Thanks as always to Chuck for his thought provoking contribution to this morning’s Pfennig.

The dollar started falling after the data releases yesterday morning, and continued in overnight trading. Currency investors moved out of the ‘shelter’ of US dollar holdings and went hunting for yield. Those currencies with the greatest interest rate differentials were the leaders yesterday, with the New Zealand dollar (NZD), Aussie dollar (AUD), and Brazilian real (BRL) leading the way. Brazil’s real moved up over 1% versus the US dollar as the central bank said it will lend dollars to help exporters, adding to the supply of the US currency. The central bank will do ‘repos’ to add US liquidity to the markets, and pulling Brazilian reals out.

The Swiss franc (CHF) joined in the rally with the ‘high yielders’ after the Swiss National Bank stayed on the sidelines. Currency traders were expecting another move by the SNB to weaken the currency, but after they refrained from intervention, it gave traders a green light for further appreciation of the franc. The SNB kept the franc’s minimum exchange rate at 1.2 per euro and also maintained its benchmark rate at zero.

The euro rallied from an 11-month low against the dollar after Spain’s debt auction met with more buyers than supply. Spain sold more bonds than its maximum target at rates which were high, but still within expectations. The Spanish government was able to sell 6.03 billion euros of bonds compared with a maximum target of 3.5 billion euros. The yields were 5.545%, just slightly higher than the 5.433% it paid when it auctioned 10-year bonds at the end of October. Another report showed that European manufacturing and service industries contracted less this month than economists forecast.

One of the surprise moves by currencies on the day came from the Indian rupee (INR) which had been one of the worst performing currencies in Asia this year. The big move up in the rupee came after India’s central bank curbed trading in rupee forwards and Prime Minister Manmohan Singh pledged to open up the retail industry. The central bank said it would reduce the amount of open positions dealers can maintain overnight, helping to prevent speculators from pushing the currency lower.

Then there was this… Peter Mason sent me the same link to a story from our friends over at Casey Research regarding ‘Re-hypothecation’ which is the newest buzzword surrounding the fall of MF Global. This story does an excellent job of explaining what this word actually means, and clearing up some of the confusion regarding the competing claims for gold held at HSBC for customers and/or counterparties of MF Global.

Thanks to Peter for bringing this article to my attention. Peter joined EverBank last year as a member of our Infinity Elite Plus group, and has really been a great addition to our customer service team.
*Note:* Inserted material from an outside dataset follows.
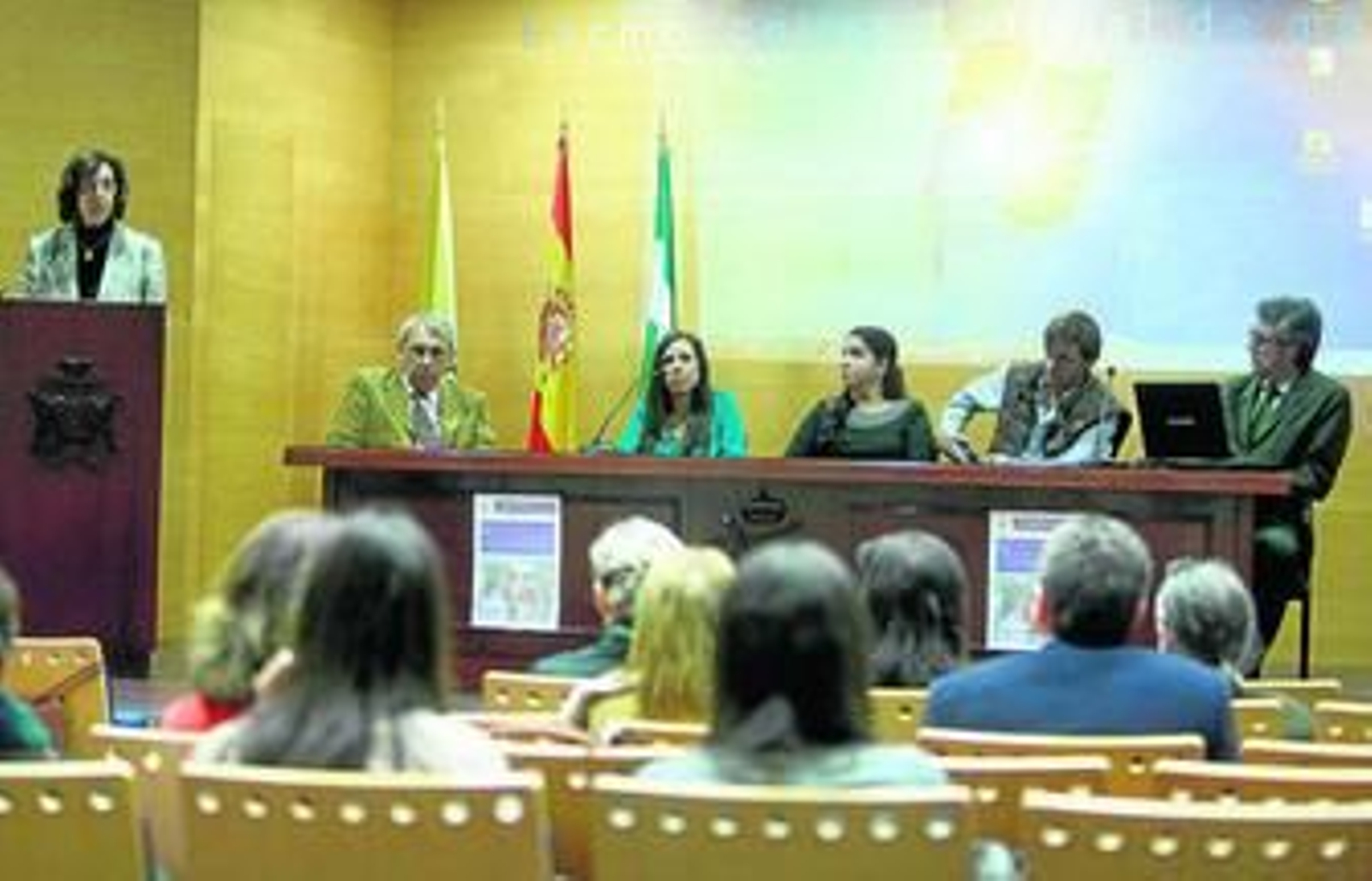 Los médicos participantes durante la presentación del acto, que corrió a cargo de la doctora Carmen Sebastianes.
To recap… The bunch of data released yesterday in the US was not stellar, but the markets were looking for a reason to rally. Investors went hunting for yield and the NZD, AUD, and BRL all rallied. The Swiss National Bank stayed on the sidelines and allowed some appreciation for the CHF. The Indian government curbed forward trading, helping to bounce the rupee back up. And our friends over at Casey Research explain why ‘Re-hypothecation’ is the new buzzword.